------ Listed records

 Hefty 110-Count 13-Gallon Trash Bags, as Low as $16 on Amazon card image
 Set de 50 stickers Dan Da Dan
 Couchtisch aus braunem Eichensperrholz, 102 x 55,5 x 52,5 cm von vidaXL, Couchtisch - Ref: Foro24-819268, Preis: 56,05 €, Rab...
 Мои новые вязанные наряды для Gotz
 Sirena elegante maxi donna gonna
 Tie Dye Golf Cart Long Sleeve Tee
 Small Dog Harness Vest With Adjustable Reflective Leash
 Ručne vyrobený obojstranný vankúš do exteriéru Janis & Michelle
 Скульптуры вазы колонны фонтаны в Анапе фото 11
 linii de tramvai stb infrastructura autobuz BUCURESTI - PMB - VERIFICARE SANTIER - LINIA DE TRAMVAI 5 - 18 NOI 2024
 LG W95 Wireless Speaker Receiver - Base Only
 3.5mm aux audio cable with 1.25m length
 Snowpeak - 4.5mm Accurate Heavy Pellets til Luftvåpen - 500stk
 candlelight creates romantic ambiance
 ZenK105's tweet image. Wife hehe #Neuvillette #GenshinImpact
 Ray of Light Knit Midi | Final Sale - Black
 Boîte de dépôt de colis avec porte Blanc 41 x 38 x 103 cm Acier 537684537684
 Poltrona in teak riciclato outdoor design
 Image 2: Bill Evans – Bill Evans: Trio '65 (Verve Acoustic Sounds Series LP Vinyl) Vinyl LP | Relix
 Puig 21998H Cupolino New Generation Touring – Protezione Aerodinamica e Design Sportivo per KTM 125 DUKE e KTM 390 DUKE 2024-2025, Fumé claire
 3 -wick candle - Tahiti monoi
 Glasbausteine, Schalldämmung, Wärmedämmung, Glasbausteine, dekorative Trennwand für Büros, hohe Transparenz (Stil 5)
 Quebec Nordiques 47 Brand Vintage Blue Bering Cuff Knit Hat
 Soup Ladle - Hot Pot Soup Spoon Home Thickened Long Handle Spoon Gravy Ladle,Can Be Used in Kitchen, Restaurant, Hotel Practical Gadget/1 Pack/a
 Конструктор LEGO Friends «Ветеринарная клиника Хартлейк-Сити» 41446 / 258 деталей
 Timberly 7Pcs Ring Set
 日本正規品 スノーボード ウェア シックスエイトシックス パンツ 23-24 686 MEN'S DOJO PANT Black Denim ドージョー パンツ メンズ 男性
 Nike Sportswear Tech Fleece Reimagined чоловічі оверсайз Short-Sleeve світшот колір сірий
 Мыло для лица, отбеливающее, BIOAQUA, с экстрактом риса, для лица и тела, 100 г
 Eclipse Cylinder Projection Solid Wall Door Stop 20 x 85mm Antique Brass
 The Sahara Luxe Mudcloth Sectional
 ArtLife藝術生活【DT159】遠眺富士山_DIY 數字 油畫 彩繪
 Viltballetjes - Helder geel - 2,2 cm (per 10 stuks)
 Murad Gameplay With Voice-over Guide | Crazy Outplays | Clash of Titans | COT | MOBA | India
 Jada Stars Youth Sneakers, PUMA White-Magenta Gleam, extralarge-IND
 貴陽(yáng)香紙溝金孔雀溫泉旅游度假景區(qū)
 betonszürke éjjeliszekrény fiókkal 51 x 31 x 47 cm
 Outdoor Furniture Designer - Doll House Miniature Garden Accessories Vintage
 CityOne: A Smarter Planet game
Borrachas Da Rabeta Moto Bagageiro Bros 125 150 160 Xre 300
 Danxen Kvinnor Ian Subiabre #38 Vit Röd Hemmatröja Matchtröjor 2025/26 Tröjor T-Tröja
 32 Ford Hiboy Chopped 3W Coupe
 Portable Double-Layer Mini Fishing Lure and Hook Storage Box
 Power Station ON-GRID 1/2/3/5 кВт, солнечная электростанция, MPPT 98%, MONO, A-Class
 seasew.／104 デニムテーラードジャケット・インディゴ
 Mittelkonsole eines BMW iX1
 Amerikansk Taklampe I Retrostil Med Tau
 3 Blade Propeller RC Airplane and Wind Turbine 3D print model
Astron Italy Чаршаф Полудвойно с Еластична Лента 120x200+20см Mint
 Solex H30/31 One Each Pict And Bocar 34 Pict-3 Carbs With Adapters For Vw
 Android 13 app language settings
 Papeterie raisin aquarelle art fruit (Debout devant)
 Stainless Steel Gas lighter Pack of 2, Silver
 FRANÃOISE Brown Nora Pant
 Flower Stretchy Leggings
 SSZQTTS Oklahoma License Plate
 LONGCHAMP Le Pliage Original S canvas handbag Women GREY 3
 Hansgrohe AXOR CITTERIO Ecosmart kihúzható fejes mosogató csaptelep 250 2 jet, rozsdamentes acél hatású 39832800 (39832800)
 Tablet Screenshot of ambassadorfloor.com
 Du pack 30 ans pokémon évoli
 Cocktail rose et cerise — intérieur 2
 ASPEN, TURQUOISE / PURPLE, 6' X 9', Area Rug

------------

> _Exercise aim_: Take every line from the data that includes the word "Knit".

> _Expected output_:
 Ray of Light Knit Midi | Final Sale - Black
 Quebec Nordiques 47 Brand Vintage Blue Bering Cuff Knit Hat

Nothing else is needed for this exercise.